For companies that have implemented digital manufacturing, the return on investment is there . . . but the scope of that investment goes well beyond the price of software. That was the conclusion of a study by D.H. Brown Associates, an information technology consulting firm that analyzed digital manufacturing by interviewing managers involved in justifying the technology for large manufacturers in the aerospace, automotive, and heavy equipment industries.

“Digital manufacturing” means simulating the manufacturing process using 3D CAD models. The goal is to streamline manufacturing process development time, largely by catching bugs and inefficiencies in the simulation instead of in real life. The technology applies to more than machining. Manufacturers facing high capital equipment costs also use it to optimize assembly, welding and other processes before tooling, machine motions, and machine placement are finalized.

The potential payback includes reduced ramp-up time for new processes, as well as the problems—like collisions—that are avoided early. However, in many companies, achieving these results can require nothing short of a culture change. For digital manufacturing to be effective, those who develop new processes must be willing to trust what they see on screen. Thus, process designers are asked to make a leap similar to the one that product designers were asked to make about a decade ago, back when 3D CAD modeling was new.
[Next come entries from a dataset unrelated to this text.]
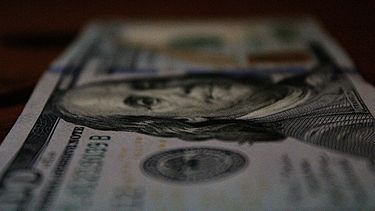 &nbsp;El dólar frena su racha en una rueda marcada por la volatilidad pero defiende el piso de los 40 pesos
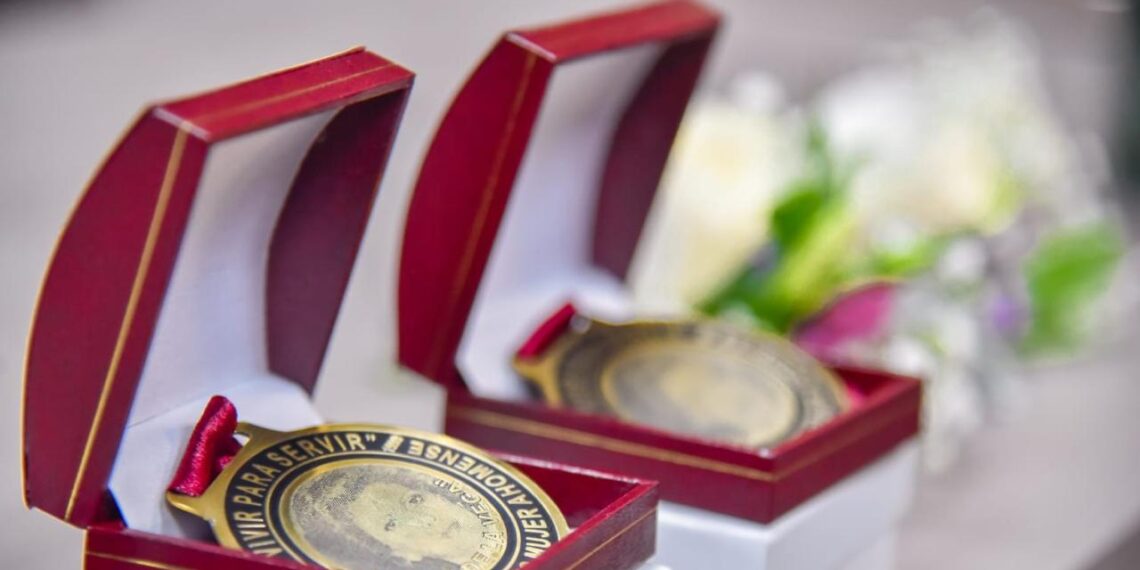 Todo listo para la entrega de la Medalla Lore de la Vega 2025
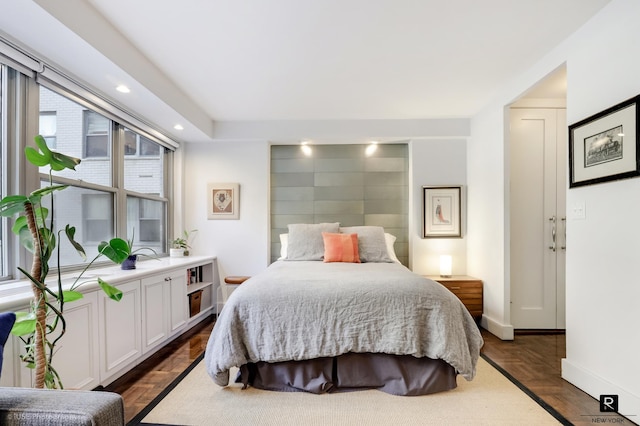 bedroom featuring recessed lighting and baseboards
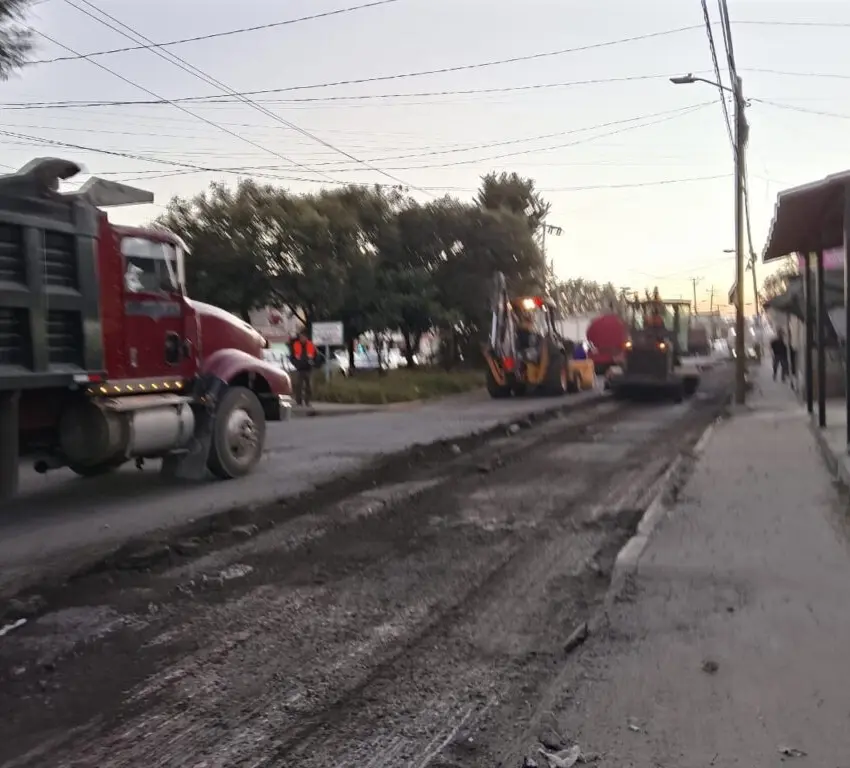 Avanza reconstrucción de calle Agustín Millán en Toluca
This table from D. H. Brown Associates lists typical considerations for companies attempting to justify digital manufacturing.

Costs
• Digital manufacturing software
• Computer hardware
• New business process development
• Culture change implementation
• Software training
• New business process training
• Extra labor required to achieve proficiency in new software and a new business process

Benefits
• Quicker time to market
• Reduced per-unit production cost
• Reduced overall labor cost
• Higher quality manufacturing process
• Reduced manufacturing process development cost
• Reduced rework and faster part learn-out
• Higher reuse of existing manufacturing equipment

Another potentially large investment is the effort required to input the data necessary for the system to develop its models. In fact, software company Deneb Robotics (Troy, Michigan) is fundamentally changing its manufacturing simulation products, and one of its key reasons for doing so is to reduce the scope of this data feeding task. In the past, this company’s systems for simulating machining, assembly, welding and other operations were limited in their ability to share data seamlessly with one another. However, versions of these products now being released can freely draw from a common database. These systems also share a modeling kernel in common—the kernel used in CATIA. (The company is a subsidiary of CATIA developer Dassault Systems.)

Deneb’s module for simulating machining processes is called Virtual NC. The system relies on available CAD data to develop 3D models of the machine tool, tooling, and workpiece, and uses these models to simulate NC tool paths and look for collisions. An example of where this software makes sense comes from a Lockheed Martin Energy Systems plant in Oak Ridge, Tennessee. By using the simulation software to test 500 new programs for an eight-axis milling machine, Lockheed Martin programmers cut their total program prove-out time in half. Also, programmers were able to test and debug probing subroutines, as well as a postprocessor, before the machine had even been built.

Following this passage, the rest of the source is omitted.